As for me? I don’t live in the U.S. I enjoy living in what a number of posters here seem to think is a nightmare – being able to hop an ICE or TGV train, in a Bundesland that elected a Green government, with its unemployment hovering around 3.9%, and a successful industrial economy based on education and unions, with a health care system that means I can walk to one of the 2 dentists or 3 doctors (2 of whom who actually live in the building where their practice is) – in a town of roughly 6,000 people.

But the continual presentation of American facts without context is getting a bit wearing – the role of Fox News in creating whatever electoral force the Tea Party has to date would seem quite relevant in any discussion the Tea Party’s electoral success. Very few apparent protest movements come equipped with a national 24 hour network presence, with many of that movement’s leading personages on that network’s payroll.

The Tea Party is an interesting thing to study – starting with that 1970 memo from the Nixon Library.

TallDave December 4, 2011 at 10:50 am

Out of curiosity, do you know what your state’s PPP GDP per capita looks like in dollars? I would guess you are in Baden-Württemberg.

TallDave December 4, 2011 at 12:14 pm

If my guess is correct, that would appear to put your state in the bottom 1/3 of U.S. states.

http://en.wikipedia.org/wiki/List_of_U.S._states_by_GDP
http://en.wikipedia.org/wiki/List_of_German_states_by_GDP

Now don’t get me wrong, Germany is a wonderful place, but I would bet German-Americans are considerably above even the higher American average. So we’re quite happy to have you keep your unions and TGV trains and socialized medicine back in the old country.

TallDave December 4, 2011 at 11:24 am

Very few apparent protest movements come equipped with a national 24 hour network presence

Heh, you clearly do not remember the Iraq War protests. Cindy Sheehan would camp out in a ditch in Texas and be outnumbered 5:1 by the media.

I think it was George Will who said “We have Fox News and the Washington Times, they have CBS, NBC, ABC, CNN, MSNBC, WaPo, NYT, NPR, Time, Newsweek…” The Pew polling on this is very, very clear and it goes back decades, from the bureau chiefs on down they skew way to the left of the U.S. public.

Marian Kechlibar December 6, 2011 at 7:46 am

The current good state of German economy contrasts with the situation 10 years ago, when Germany was considered the sick man of the continent.

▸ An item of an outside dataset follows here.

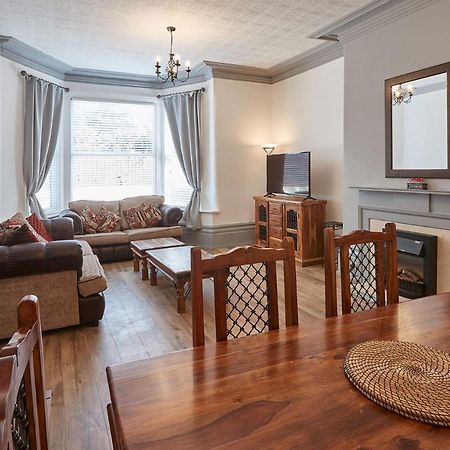 Host & Stay - Groveside Apartment Saltburn-by-the-Sea Exterior foto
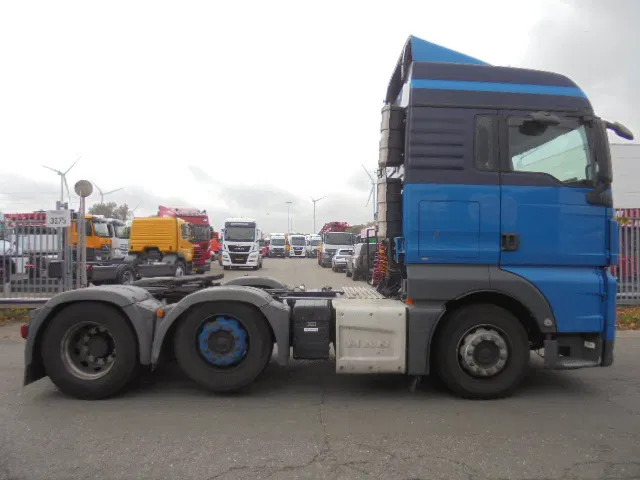 MAN TGX 26.440 XL - Tegljač: slika MAN TGX 26.440 XL - Tegljač MAN TGX 26.440 XL - Tegljač: slika MAN TGX 26.440 XL - Tegljač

You also didn’t mention the Hartz reforms, which brought massive opposition demonstrations into the streets. Many credit them with unemployment reduction – after Hartz, it is no longer comfortable being on the dole for a long time.

TallDave December 4, 2011 at 10:43 am

Oh no! Nakedly partisan news coverage!

Wake me up when the GOP controls 90% of the MSM, like the Dems do now.

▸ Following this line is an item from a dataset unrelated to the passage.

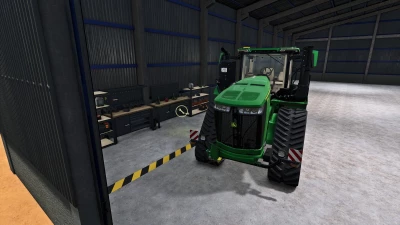 Large Shed Água Limpa Farm v1.0.0.0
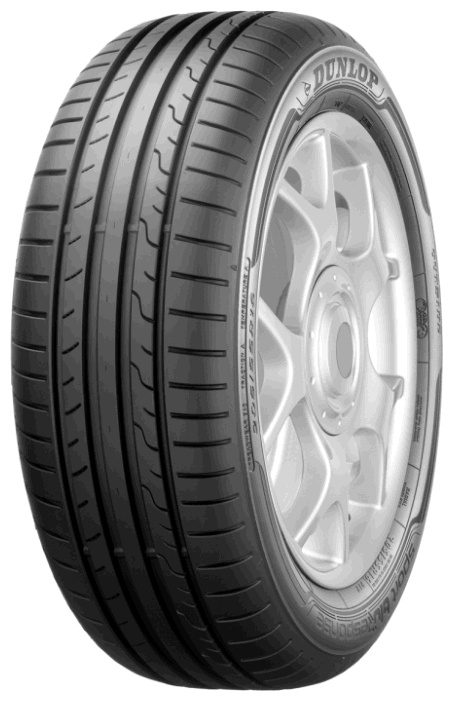 Шины Dunlop SPORT BLURESPONSE 215/60 R16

Sebastian December 4, 2011 at 2:29 pm

again – this isn’t relevant to the paper. If Fox News were the whole story, they wouldn’t find the type of variation they do, where places with more protest see higher turnout in following elections.

Daniel December 4, 2011 at 5:36 am

It’s about freaking time that a decent academic paper on the Tea Party came out. I’m working on analyzing their monetary policy framework, and it’s nice to at least have something other than interviews and news articles an the volume of google searches to back up the relevancy of my question.

dwall December 11, 2011 at 2:23 pm

OWS 99% is actually the .00000099 and has a negative multiplier. OWS this year was only practice to network and prepare the unions for street protests next summer and raise a million or so, they put in banks.

btw – Most US banks had little to do with the real estate bubble and financial credit contraction. Wall Street made the problems worse but they are mostly liberal, some far left.